The play begins with five people sitting around a fire recounting at great length an episode of THE SIMPSONS. Now I have only watched THE SIMPSONS a few times in my life, so watching this scene go on and on reminded me of being at a party from hell where stoned people try to recount at great length a movie or tv episode you haven't seen or tell the same joke over and over. TIme seems to stop. About ten minutes into this, you realize that one guy is armed and guarding this small encampment. Another person enters and the drama comes to life. We discover that there has been a series of meltdowns of nuclear power plants that have caused massive radioactive poisoning and a total loss of electric power. Washburn wisely gives only sketchy exposition: this is, after all, familiar disaster movie territory. In this new wasteland, people try to discover who might still be alive. They also try to keep a semblance of culture going by piecing together their memories of episodes of THE SIMPSONS and movies like CAPE FEAR and NIGHT OF THE HUNTER. The newcomer can only sing bits of Gilbert and Sullivan, but his impromptu recital is appreciated by the others. In a post-electric world, any form of entertainment is welcome.
The second scene takes place seven years later. The group we met in the first scene seem to have become a sort of theatre troupe rehearsing bits of sitcoms (THE SIMPSONS, of course), medleys of past top 40 hits and "commercials" that offer a nostalgic picture of the past when there were hot baths and chilled chablis. In this new world, one has to pay (with what currency?) for others' memories of moments from sitcoms. There also seems to be a rivalry between performing troupes that can lead to violence. Of course, performances have to take place in the daytime when there is light. So the insatiable hunger for entertainment has survived in a bizarre form in post-electric America.
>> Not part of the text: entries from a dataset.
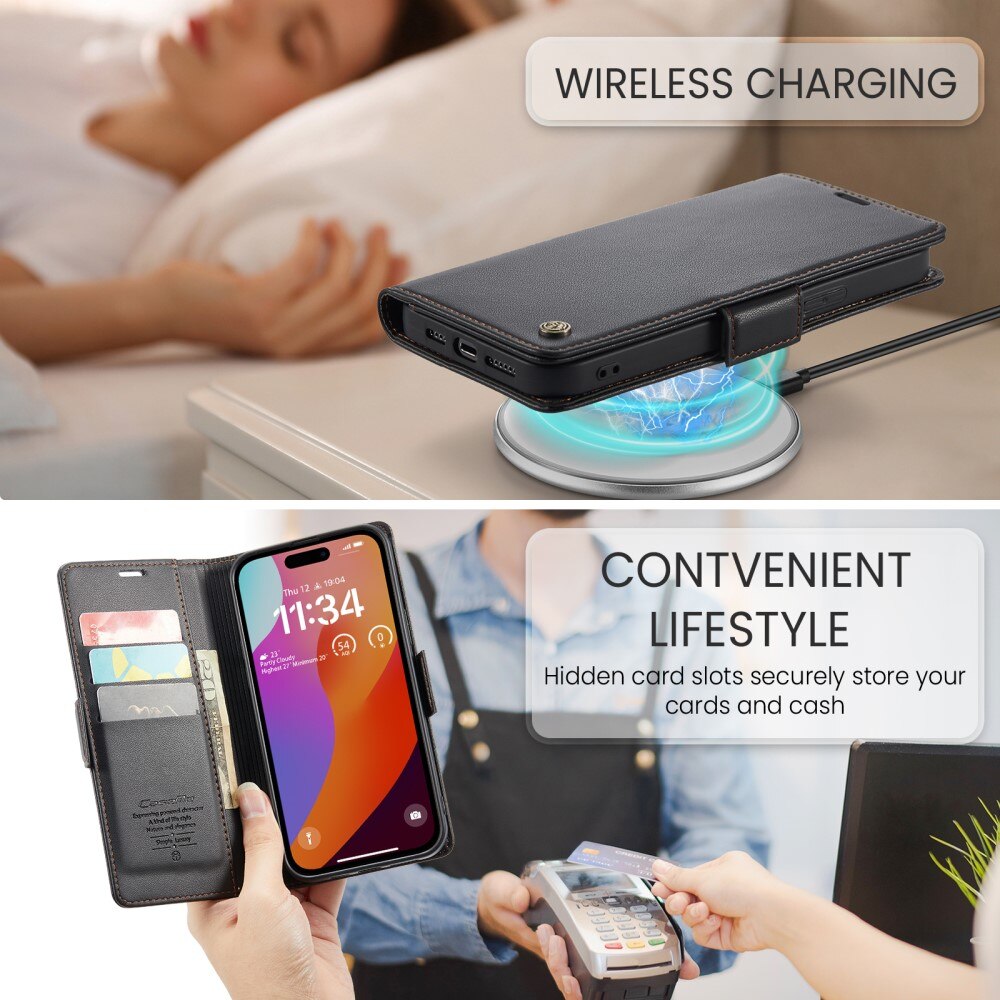 Étui portefeuille mince anti-RFID iPhone 16 Pro Max, Noir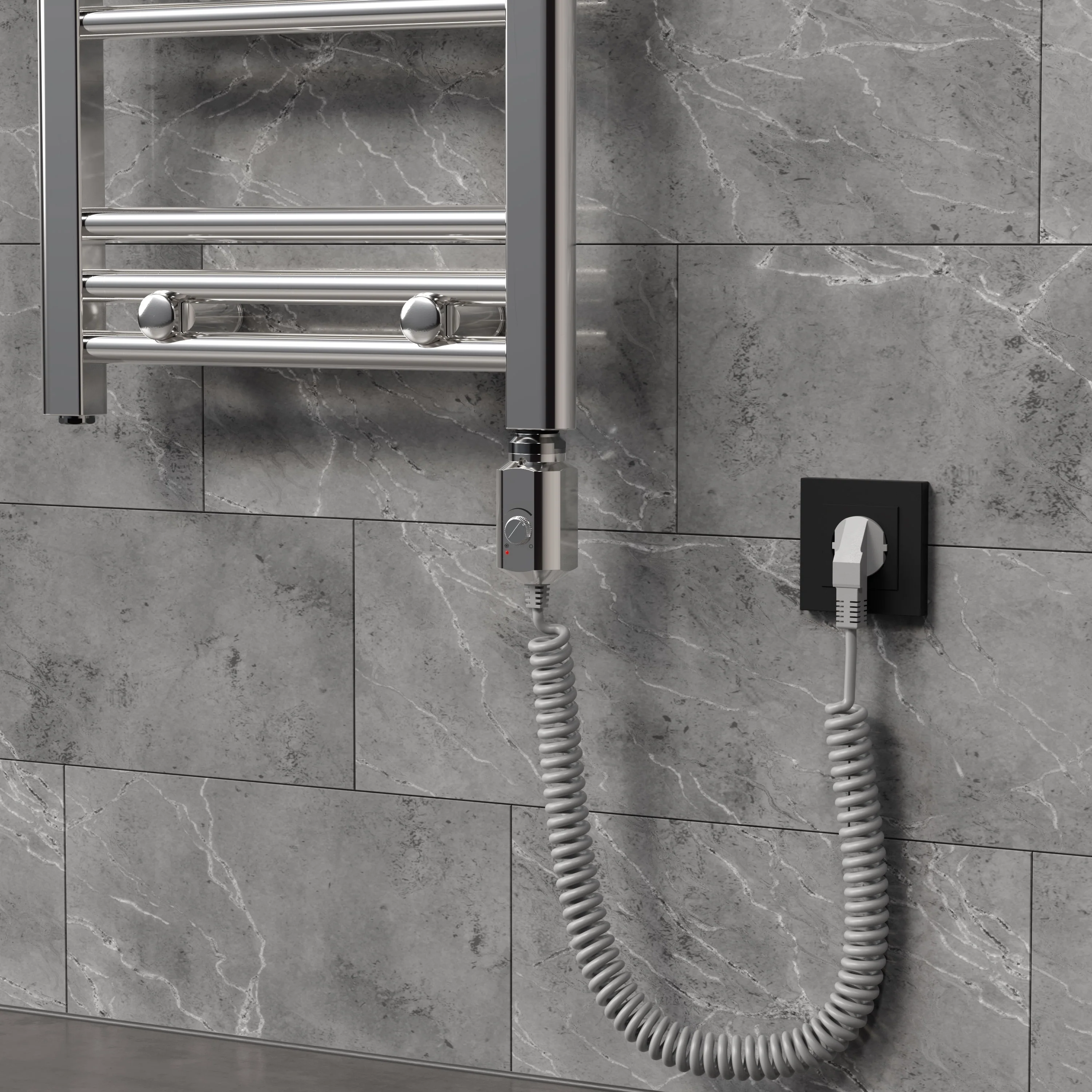 Heizstab 300W Chrom für Badheizkörper, Heizpatrone mit Thermostat für Heizkörper - Image 23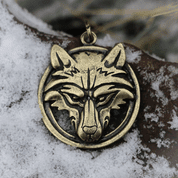 WOLF - WOLF'S HEAD IN A CIRCLE, AMULET ZINC OLD BRASS - ALL PENDANTS, OUR PRODUCTION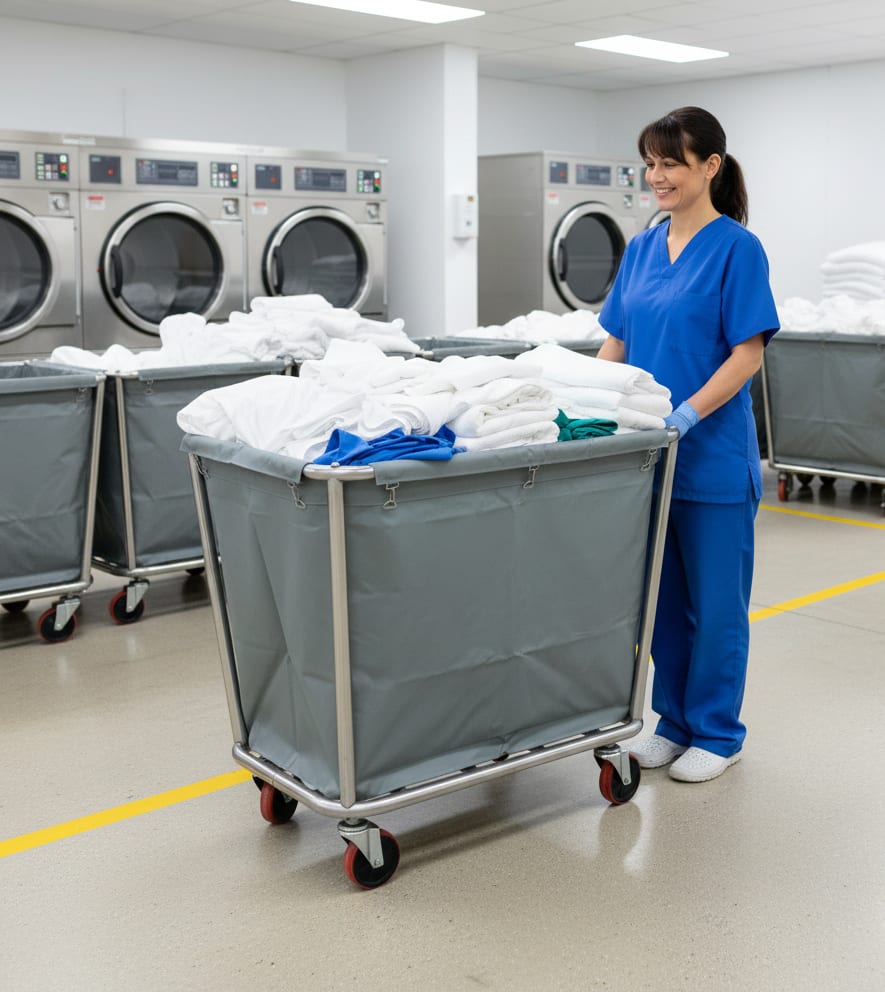 SS Quadrilateral Laundry Trolley with Linen Bag — view 3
In the final scene, we are seventy-five years farther into the future where a troupe is presenting a musical made up of bits of THE SIMPSONS episode that was previously recounted. Original music has been mixed with bits of Gilbert and Sullivan. By this time, this collage of memories of past entertainment have been remolded into a new work of art.\ with fairly elaborate scenery. This verse drama with songs turns THE SIMPSONS into a recounting of the past disaster and an artistic embodiment of the terror of living in this new radioactive world. Mr. Burns, the sometimes sinister SIMPSONS character becomes the embodiment of all the terrors of living in this new society. Yet at its finale, this musical becomes an unintentional parody of the traditional Broadway musical's expression of optimism and self-assertion and ends with a patriotic hymn to the music of Arthur Sullivan. Popular art survives, but hasn't changed much.
The show only came to life in the musical moments, particularly the Top 40 medley in the second scene. The musical that filled the final scene went on too long and the music (Michael Friedman) was more awful than the worst Broadway score (well, maybe not as bad as the score for ONCE). Perhaps its eerie tunelessness was intentional, but if so the joke wore very thin over half and hour.
Throughout the cast did what it had to do well enough, but since they had no characters to play, they seemed somewhat adrift. Steve Cosson's direction seems listless.
MR. BURNS, A POST-ELECTRIC PLAY offers a celebration of the human need to make theatre even in a terrible world, yet the theatre that is created is still dependent on conventions of television and the commercial theatre. THE SIMPSONS moves from memory to nostalgia to the basis for a work of art that says something about the past and present of the people performing it and watching it. However, since the creators of MR. BURNS seem to feel superior to the conventions of the Broadway musical, they offer a dark vision of the future of human existence and of art in a post-electric world.
Yes, MR BURNS is clever, but it is far too long. Maybe it will get more of a sense of pace (this was an early preview), but the script is in desperate need of editing. I can't help thinking it would be better if it were the length of a SIMPSONS episode. I kept wanting to scream, "I get it. Move on already!"
MR. BURNS, A POST-ELECTRIC PLAY. Playwrights Horizons. August 31, 2013.